[What you will do] Your answer should be the complete set of entries, transcribed exactly.

[Excerpted records]

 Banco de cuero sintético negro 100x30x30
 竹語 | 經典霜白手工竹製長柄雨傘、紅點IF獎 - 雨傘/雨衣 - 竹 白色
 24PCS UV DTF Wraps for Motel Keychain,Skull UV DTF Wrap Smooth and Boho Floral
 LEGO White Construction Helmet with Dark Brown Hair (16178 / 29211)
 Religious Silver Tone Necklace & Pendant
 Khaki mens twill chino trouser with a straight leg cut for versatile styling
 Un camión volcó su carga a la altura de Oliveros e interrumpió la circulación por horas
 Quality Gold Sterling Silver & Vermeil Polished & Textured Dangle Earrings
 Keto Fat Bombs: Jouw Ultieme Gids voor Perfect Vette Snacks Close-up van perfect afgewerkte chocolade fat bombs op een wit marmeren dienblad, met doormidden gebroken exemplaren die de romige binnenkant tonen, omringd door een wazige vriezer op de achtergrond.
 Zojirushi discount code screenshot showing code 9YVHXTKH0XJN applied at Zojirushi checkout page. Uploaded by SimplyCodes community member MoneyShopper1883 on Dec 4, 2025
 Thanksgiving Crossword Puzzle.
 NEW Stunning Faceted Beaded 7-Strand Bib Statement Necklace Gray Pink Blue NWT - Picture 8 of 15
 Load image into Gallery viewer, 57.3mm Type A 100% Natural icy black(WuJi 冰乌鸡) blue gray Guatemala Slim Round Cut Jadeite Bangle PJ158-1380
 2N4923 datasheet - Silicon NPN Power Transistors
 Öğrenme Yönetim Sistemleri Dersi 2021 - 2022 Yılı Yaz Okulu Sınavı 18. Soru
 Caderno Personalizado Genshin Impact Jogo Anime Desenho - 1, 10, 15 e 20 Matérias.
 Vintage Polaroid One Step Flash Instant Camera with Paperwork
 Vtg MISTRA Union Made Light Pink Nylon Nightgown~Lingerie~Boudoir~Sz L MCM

[Output for this exercise]
 Banco de cuero sintético negro 100x30x30
 竹語 | 經典霜白手工竹製長柄雨傘、紅點IF獎 - 雨傘/雨衣 - 竹 白色
 24PCS UV DTF Wraps for Motel Keychain,Skull UV DTF Wrap Smooth and Boho Floral
 LEGO White Construction Helmet with Dark Brown Hair (16178 / 29211)
 Religious Silver Tone Necklace & Pendant
 Khaki mens twill chino trouser with a straight leg cut for versatile styling
 Un camión volcó su carga a la altura de Oliveros e interrumpió la circulación por horas
 Quality Gold Sterling Silver & Vermeil Polished & Textured Dangle Earrings
 Keto Fat Bombs: Jouw Ultieme Gids voor Perfect Vette Snacks Close-up van perfect afgewerkte chocolade fat bombs op een wit marmeren dienblad, met doormidden gebroken exemplaren die de romige binnenkant tonen, omringd door een wazige vriezer op de achtergrond.
 Zojirushi discount code screenshot showing code 9YVHXTKH0XJN applied at Zojirushi checkout page. Uploaded by SimplyCodes community member MoneyShopper1883 on Dec 4, 2025
 Thanksgiving Crossword Puzzle.
 NEW Stunning Faceted Beaded 7-Strand Bib Statement Necklace Gray Pink Blue NWT - Picture 8 of 15
 Load image into Gallery viewer, 57.3mm Type A 100% Natural icy black(WuJi 冰乌鸡) blue gray Guatemala Slim Round Cut Jadeite Bangle PJ158-1380
 2N4923 datasheet - Silicon NPN Power Transistors
 Öğrenme Yönetim Sistemleri Dersi 2021 - 2022 Yılı Yaz Okulu Sınavı 18. Soru
 Caderno Personalizado Genshin Impact Jogo Anime Desenho - 1, 10, 15 e 20 Matérias.
 Vintage Polaroid One Step Flash Instant Camera with Paperwork
 Vtg MISTRA Union Made Light Pink Nylon Nightgown~Lingerie~Boudoir~Sz L MCM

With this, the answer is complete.